Kwame Anthony Appiah: Mistaken Identities

The Reith Lectures 2016

All faith is false; all faith is true: Truth is the shattered mirror strown in myriad bits; while each believes his little bit the whole to own – Sir Richard Francis Burton

Kwame Anthony Appiah cites the words of Sir Richard Francis Burton, the nineteenth century British explorer and scholar, when considering the idea of truth in relation to faith. Appiah’s first Reith Lecture in 2016 emphasised the importance of community and practice in religious faith, over the centrality of scripture. He offers the term orthopraxy to emphasise the idea of acting in the right way, as opposed to orthodoxy, which promotes belief in correct or accepted creeds. His talk seeks to demonstrate that scriptures are subject to interpretation and reinterpretation over time; indeed, this allows religious faiths to stay relevant and to speak to their followers over many centuries. Appiah insists that “when it comes to their survival, their openness is not a bug but a feature.”

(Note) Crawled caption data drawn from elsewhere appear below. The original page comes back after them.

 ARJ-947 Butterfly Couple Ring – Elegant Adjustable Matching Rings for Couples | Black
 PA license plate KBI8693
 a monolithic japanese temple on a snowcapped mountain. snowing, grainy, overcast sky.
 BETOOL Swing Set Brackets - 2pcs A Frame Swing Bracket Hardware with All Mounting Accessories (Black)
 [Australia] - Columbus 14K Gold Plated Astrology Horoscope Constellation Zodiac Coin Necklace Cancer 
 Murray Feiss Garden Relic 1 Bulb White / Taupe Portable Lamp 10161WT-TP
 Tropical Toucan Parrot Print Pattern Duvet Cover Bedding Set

For many of religious faith, private and public rituals are embedded in daily life. Dress codes and dietary practices are central to Judaism, Sikhism, Hinduism and Islam amongst many others. Although Appiah questions what of these are a matter of custom and what are a matter of creed, he also suggests that as these religious practices evolve and change over time, they effect change over doctrine.

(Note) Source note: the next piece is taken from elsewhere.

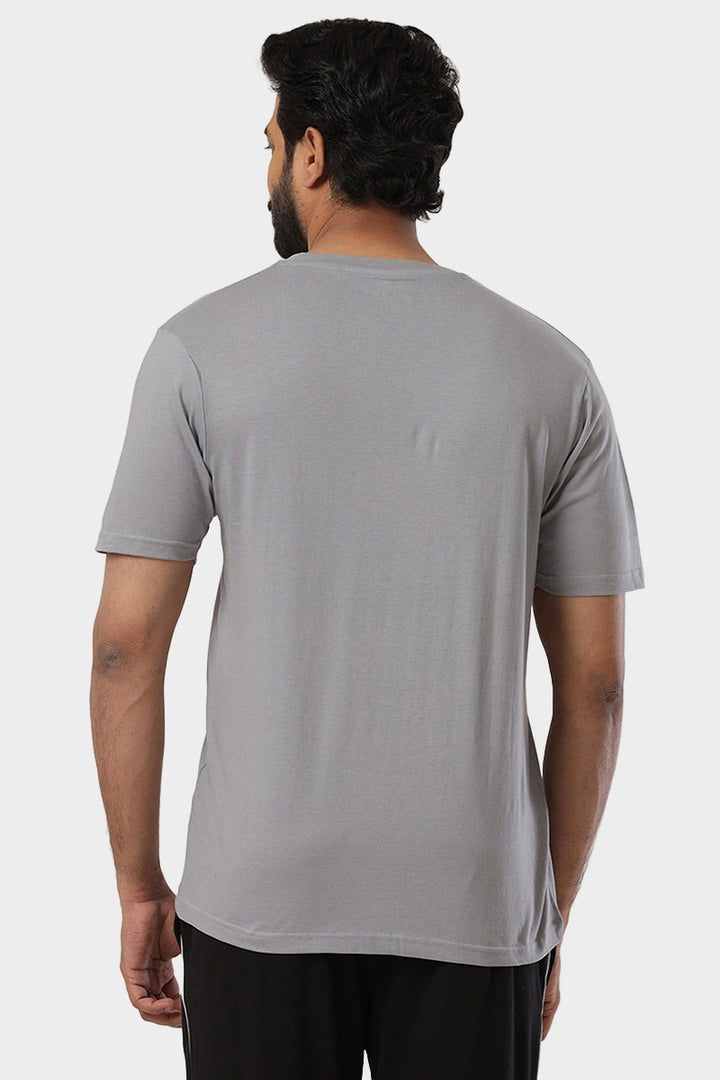 ARISER Iron Grey Color Round Neck Solid T-shirts For Men - TS25019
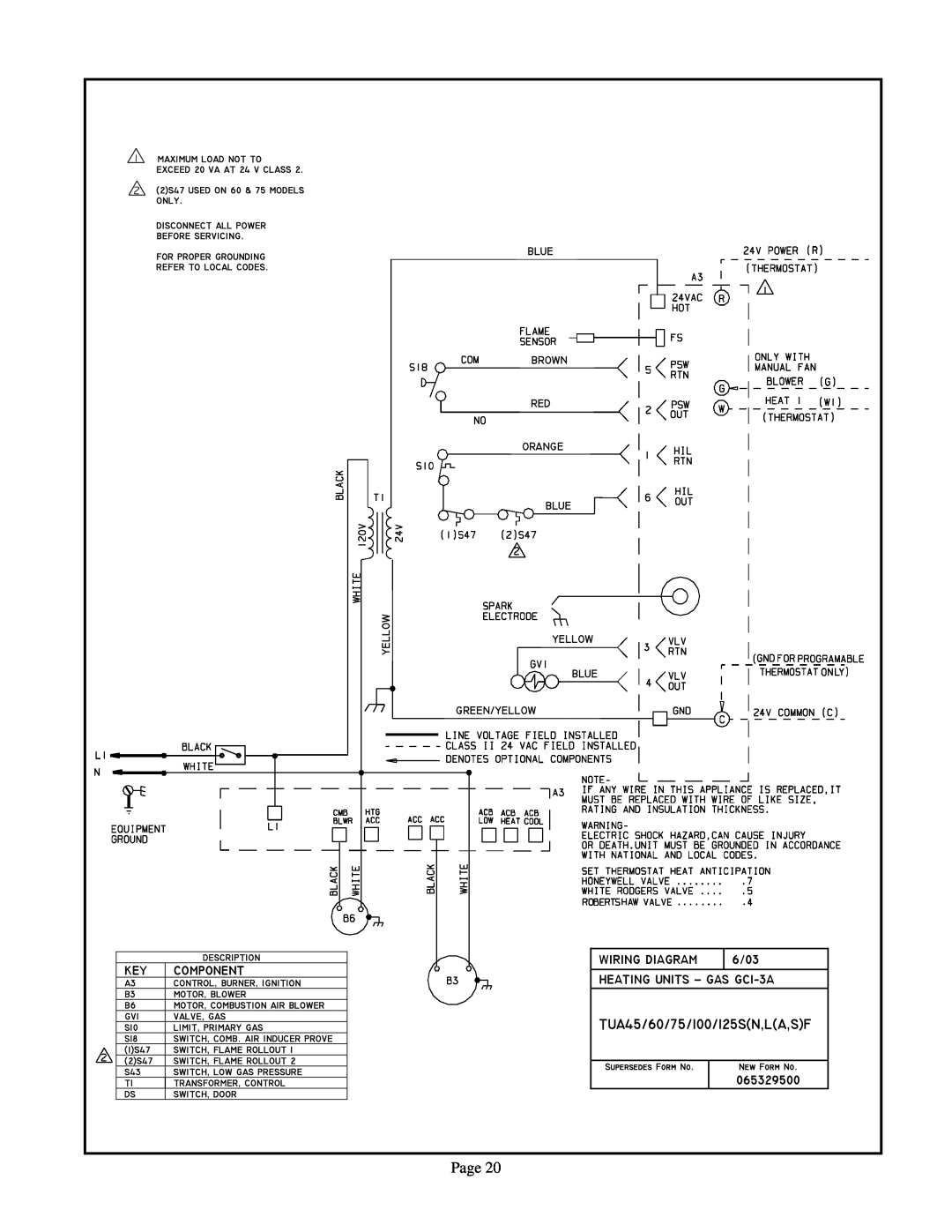 Lennox International Inc TUA60S Page, TUA45/60/75/100/125SN,LA,SF, Component, Wiring Diagram, 6/03, 065329500, Blue, Brown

In the modern age, fundamentalism has tended to promote a strict adherence to the scriptures as they were thought to be when they were first revealed. Appiah uses the term ‘scriptural determinism’ to define the suggestion that scripture determines how people who adhere to particular faiths should behave. But scriptures are open to selective readings and there are plenty of contrasting interpretations in all faiths. Of course, there are many passages within the Quran or Bible, for example, that would be seen as unacceptable to contemporary, liberal minds. Particular positions on gender or sexuality that can be understood from the scriptures are not necessarily reflected in religious communities whose views on such matters shift continually (as demonstrated, for example, by the appointments of women bishops or rabbis in the face of examples of gender inequality within Anglican or Jewish scriptures). As Appiah says: “the story of sacred and ecclesiastical texts is the story of their readers – of shifting and often clashing interpretations.”

The question of identity is the subject of Appiah’s three Reith lectures. There is an acknowledgement that faith through practice and community plays a part in defining identity but also, that “identity endures through change”. Appiah’s personal story illustrates that identity is often complex and made of a range of intersectional characteristics. Towards the end of the talk, he describes his father who, although an elder of the Wesley Methodist Cathedral in Kumasi, Ghana, would see no conflict in also paying homage to his Ashanti spiritual ancestors by pouring regular libations. As much as Appiah’s father’s Methodist faith was central to his sense of identity, so was the spiritual customs and rituals of his Ashanti heritage. Appiah rationalises this through the words of Hellenistic philosopher Philo of Alexandria, who said: “To be loyal to your god, you need not revile the gods of others.”